Python Forum
Thread Rating:
  • 0 Vote(s) - 0 Average
  • 1
  • 2
  • 3
  • 4
  • 5
Text formatting question
#1
Hello,
I regularly have to copy text from pdf files, which i save as a doc file as my notes to review later. Of course, the formatting is all lost, so i correct it manually. I typically keep my notes bulleted, as it looks neat.
I was learning python these holidays and discovered that i could probably write some code to automate this process. I was wondering if there is any way to add real bullets to the output document so that the text is arranged the way it is in MS Word when you add a bullet?
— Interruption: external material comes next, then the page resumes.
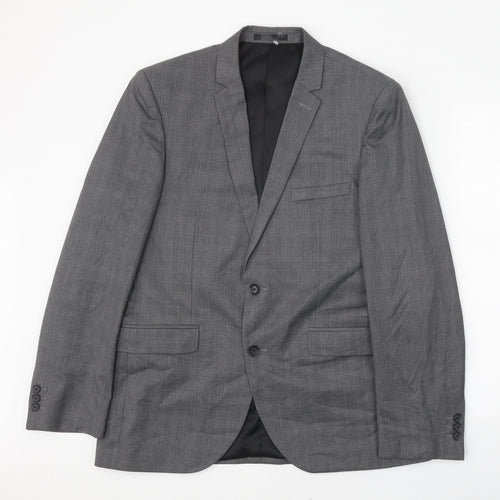 Burton Mens Grey Plaid Polyester Jacket Blazer Size 42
PS: I do not know if there already is such a tool available, if there is, please let me know.
Reply
#2
This is what i could come up with..
It does the job, but having real bullets would make a lot of difference.
Any suggestions are welcome.

""" Programme to format text copied from pdfs into bulleted lines.
	Assumes a badly formatted text file
	Outputs a formatted text file (sentences are continuous, full-stops are used as break-points, each sentence receives the bullet "-->")
	Please replace all "etc." with "etc" or "etc," to avoid splitting of the sentence at etc. 
"""

def tinyStr (read_from):
	"For small bullets, so that they are not all put in the same line later on."
	read_from = open(read_from, 'r')	
	a = open('x.txt', 'w')
	for line in read_from:
		line_split = line.split()
		if len(line_split) < 4:
			line = line[:-1] + '.'+'\n'
		a.write(line)
	a.close()
	b = open('x.txt' , 'r')		
	concat(b)

def concat (read_from):
	global write_file
	"Converting entire document into a one biggg string"
	concat_string = ''
	for line in read_from:
		if line[-1] == '\n':
			line = line[:-1] + ' '
		concat_string = concat_string + line	
	edits (concat_string, write_file)

def edits (concat_string, write_to):
	"Adds all the final edits (splitting sentences, bullets and full stops)"	
	list_of_sentences = concat_string.split('.')	
	list_of_sentences = list_of_sentences [:-1]
	open_write_to = open(write_to, 'w')		
	for sentence in list_of_sentences:
		open_write_to.write("--> " + sentence + '.' + '\n')
	open_write_to.close()
	write_two = open(write_to, 'r')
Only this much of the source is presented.